Closed erogol closed 5 years ago
Hey Eren, the link seems to be broken and now the dataset resides here https://www.caito.de/2019/01/the-m-ailabs-speech-dataset/
Looking into the m-ailabs dataset right now. Looks like we have 5 different speakers. One male and four female. Also global style tokens should be of use here to capture prosody and train the system. The reading can be quite expressive:
https://vocaroo.com/i/s1nl3RWZrGQO vs. https://vocaroo.com/i/s1xlM1WWRHx8
Also numbers aren't normalized in those files 😏
@twerkmeister numbers are normalized by TTS by default if things are not so strange. MAILABS dataset looks like a good but a hard start since the readings have very big prosody changes through the session. therefore it is hard to model with vanilla TTS but using style tokens makes sense to differentiate these fluctuations.
Yeah doing some tests with the phonemizer right now.
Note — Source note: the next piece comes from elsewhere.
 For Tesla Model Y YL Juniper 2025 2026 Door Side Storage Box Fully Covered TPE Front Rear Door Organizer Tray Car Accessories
Numbers and even things like "G20" work quite well. The things it messes up are definitely dates, ordinals, and some abbreviations:
echo '20.10.2019' | phonemize -l de -b espeak
tsvantsɪç pʊnkt tseːn pʊnkt tsvaɪ taʊzənt nɔøntseːn
echo 'der 60. Geburtstag' | phonemize -l de -b espeak
dɛɾ zɛçtsɪç ɡəbʊɐtstɑːk
echo '1,3 Mrd.' | phonemize -l de -b espeak
aɪns kɔma dɾaɪ ɛmɛɾdeː
But that might be negligible. Gonna run a test on the Angela Merkel subset in that dataset and see what it produces. Also, gonna implement simple multi speaker and run it on German common voice
Also noticing that the automatic sentence segmentation plus alignment aren't perfect. Sometimes first and last words of a sentence slip entirely or partially into neighboring audio files
Ok training seems to be running now, but had to set do_trim_silence
to false, otherwise it would end up with a few empty audio files and crash.
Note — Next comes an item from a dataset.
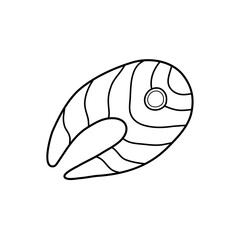 Simple fish steak in black color.  Vector illustration in the line style. Perfect for a label, logo, or restaurant decoration. Doodle element, isolated on a white background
you might need to set silence threshold for do_trim..., but for many datasets, it does not change things much
Also noticing that the automatic sentence segmentation plus alignment aren't perfect. Sometimes first and last words of a sentence slip entirely or partially into neighboring audio files
Could you give me some examples of this? it is interesting!
I've tried one of the German voices from M-AI labs some time ago and adapted a small (600 sentences or so) set using Rayhane-mamahs taco implementation and it worked pretty well.
It can be heard here https://kutinkindlinger.com/le-parleur-radiopiece-52/
The SoundCloud player is a bit tiny but it's there ;)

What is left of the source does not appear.